Both novels are complete in themselves though, in Galactic years, the second follows immediately from the first. The chief protagonist is Golan Trevize, an outspoken councilman of the Foundation Federation, five hundred years after its founding on the planet Terminus. Believing the mysterious Second Foundation of psychohistorians still exists, he confides in a friend who promptly betrays him to the Mayor of Terminus, Harla Branno. Branno exiles him, gives him a state-of-the-art spaceship and tells him he can return only if he can locate this world of mind-adjusting psychologists. Accompanying Trevize is historian/mythologist Janov Pelorat, whose objective is to discover the planet of origin (Earth).
‘Trevize sat silently … he could hear Mayor Branno’s voice say firmly , “Free will!” Speaker Gendibal’s voice … “Guidance and peace! … “Novi’s voice … “Life!” ‘
Meantime, on the planet Trantor, Stor Gendibal, a Speaker of the Second Foundation, has his own problems. Gendibal too is a rebel in his society, and he too is sent – accompanied by the woman Sura Novi – on a quest to find and destroy the unknown entity that is apparently derailing the Seldon Plan.
Driven by their double mission, Trevize and Pelorat follow the trail to the planet Gaia, while Gendibal and Nova for different motives pursue a similar course.
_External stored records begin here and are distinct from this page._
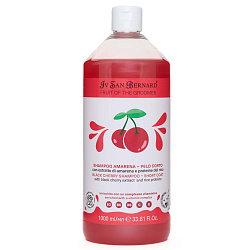 ISB Fruit of the Groomer Black Cherry шампунь для короткой шерсти с протеинами риса 1000 мл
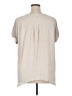 Simply Vera Vera Wang 100% Polyester Metallic Silver Short Sleeve Top Size XL - photo 2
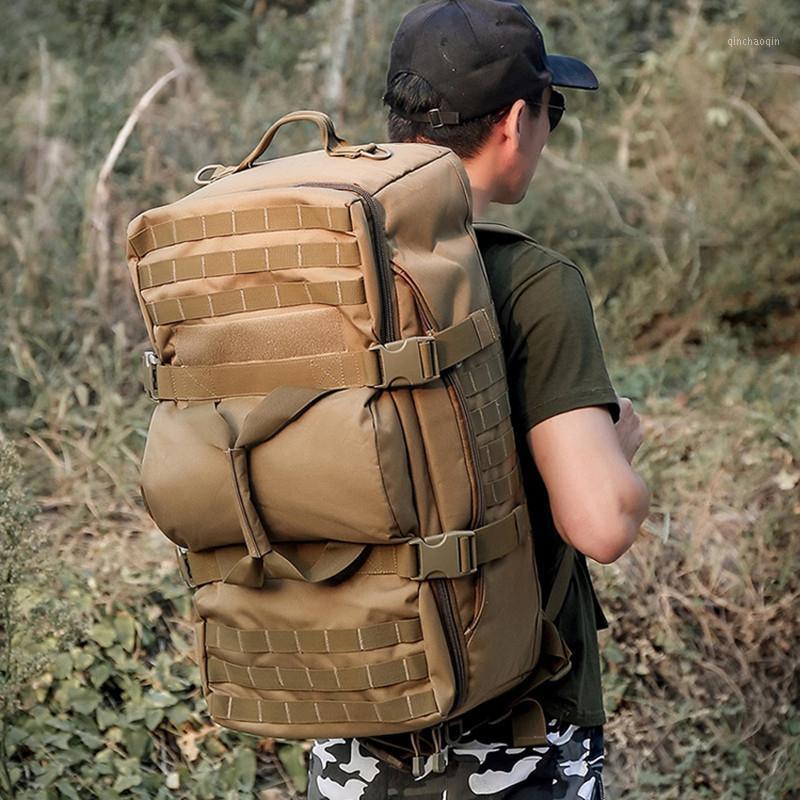 70L Tactical Outdoor Both Shoulders Package Waterproof Nylon Backpack Trekking Climbing High Capacity Travelling Bag1, Khaki
70L Tactical Outdoor Both Shoulders Package Waterproof Nylon Backpack Trekking Climbing High Capacity Travelling Bag1, Khaki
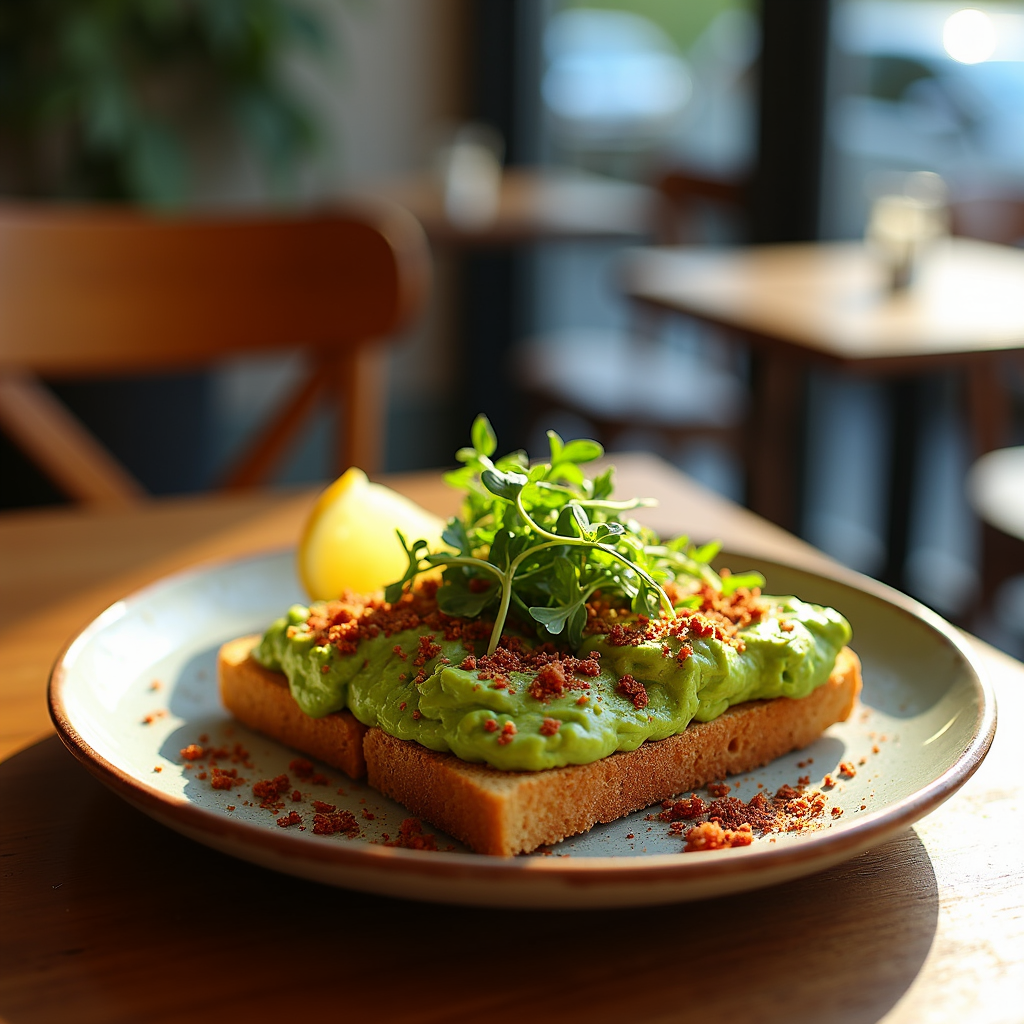 Tostada de aguacate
Foundation’s Edge ends with a rendezvous in space, a confrontation of several powerful forces at which Trevize must make a decision as to which Foundation, if any, should best rule the Galaxy.
‘It held out its hand and from Trevize’s right holster there emerged his blaster, while from his left holster there rose up his neuronic whip. Trevize snatched at his weapons but felt his arms held back as though by stiffly elastic bonds.’
Foundation and Earth narrates the further adventures of Trevize, Pelorat and the Gaian girl Bliss as they resume the search for Earth. Does it exist, or is it myth as many believe? And why have all records relating to it been removed from the planetary libraries? The renewed quest leads the three travelers into dangers they cannot possibly foresee, and against new adversaries, human and otherwise. Irresistibly drawn towards the original home of humanity, Trevize finally understands why he made the decision he did. But was it really his decision to make, or is the Galaxy already controlled by a more powerful force than either Foundation, or even than the mind of the benevolent Gaia?
‘Fallom closed her eyes. The note was softer now and under firmer control. The flute played by itself, manoevred by no fingers but moved by distant energy, transduced through the still immature lobes of Fallom’s brain.’
Foundation’s Edge is every bit as good as the original trilogy, and I enjoyed it as much as I did when I read it many years ago. Foundation and Earth – for someone who has followed the stories thus far – suffers in parts from too much unnecessary repetition. However, it is still a worthy conclusion to the epic, full a twists and driven forward by Asimov’s masterly dialogue.